A cloud-like cluster of white steel rods will shimmer above the trees in Kensington Gardens this summer, courtesy of Japanese architect Sou Fujimoto. He has been announced as the latest designer of the Serpentine Gallery’s annual pavilion commission and he promises to bring a vision of airy lightness, in marked contrast to last year’ssubterranean grotto by Herzog & de Meuron and Ai Weiwei.
His proposal is for a delicate lattice structure of 20mm-thick steel poles, which will form an irregular, shape-shifting mass in front of the gallery, a misty wire-frame blur that will dissolve into the park.

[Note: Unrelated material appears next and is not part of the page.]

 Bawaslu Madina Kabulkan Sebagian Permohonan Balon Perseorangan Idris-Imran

“Within the pastoral context of Kensington Gardens, I envisage the vivid greenery of the surrounding plant life woven together with a constructed geometry,” says Fujimoto. He describes the project as “an architectural landscape: a transparent terrain that encourages people to interact with and explore the site in diverse ways.”
Many architects like to think their buildings dissolve and “dematerialise” into their surroundings. They talk in earnest about “fluid space” and the continuity of inside and out – the simple use of a window or door endowed with the rhetoric of free flow. But Fujimoto actually does it.

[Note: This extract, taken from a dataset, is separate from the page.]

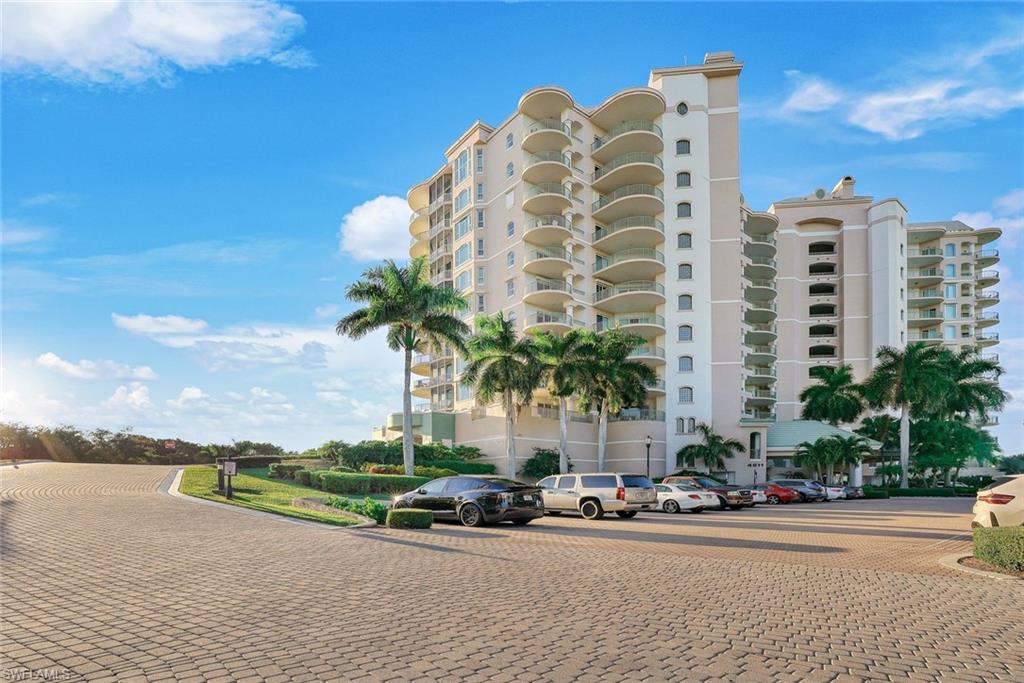 4811 Island Pond CT # 302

His buildings and structures are composed of multiple layers and levels, creating permeable enclosures that only loosely suggest rooms and routes – what he describes as “formless form”. He talks of his projects taking on the characteristics of a “cave or nest”, a primitive shell to be defined by the user’s occupation, “just a raw space, which people need to explore and find their own comfort within.”